* Task requirements:
Exact copies of the lines below are the goal; any images in them are dropped.

* Exercise data:
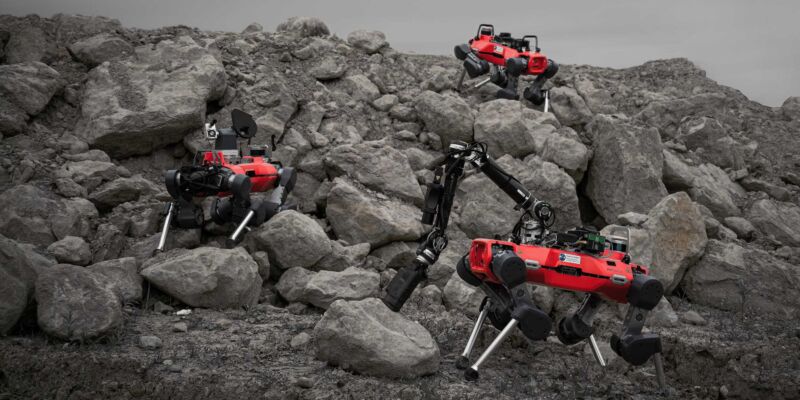 Image of three red, legged robots exploring rocky terrain.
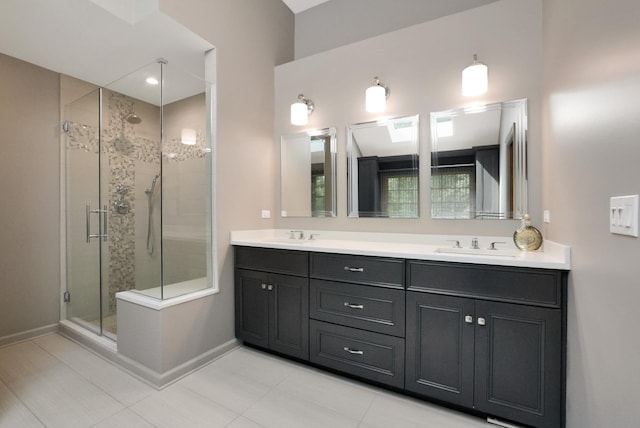 28W624 Berkshire Rd, West Chicago, IL 60185 - full bathroom featuring a shower stall, double vanity, and baseboards
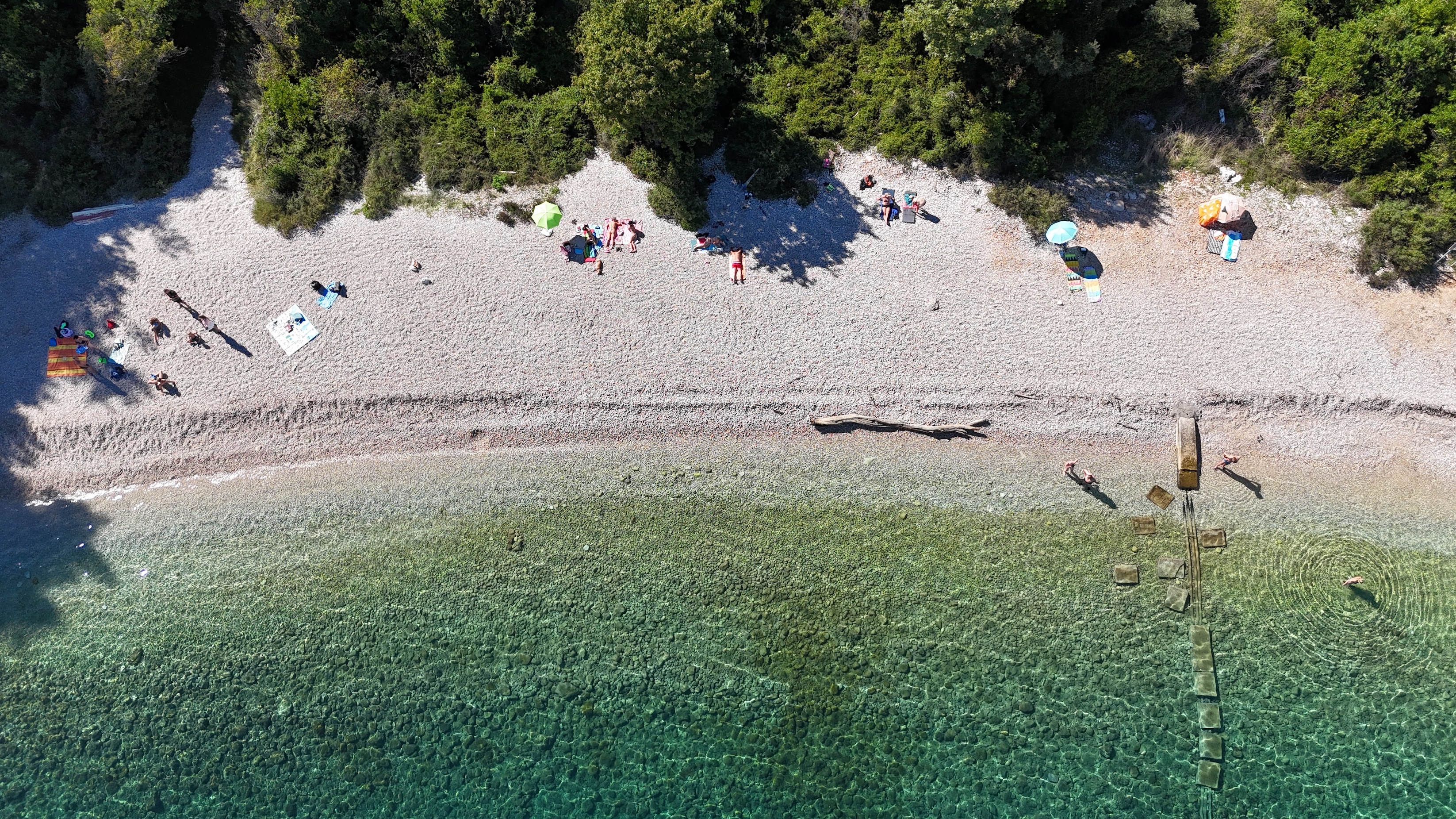 Clear shallows at Sveta Marina Pebble beach and transparent shallows seen directly from above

* Response area:
 Image of three red, legged robots exploring rocky terrain.
 28W624 Berkshire Rd, West Chicago, IL 60185 - full bathroom featuring a shower stall, double vanity, and baseboards
 Clear shallows at Sveta Marina Pebble beach and transparent shallows seen directly from above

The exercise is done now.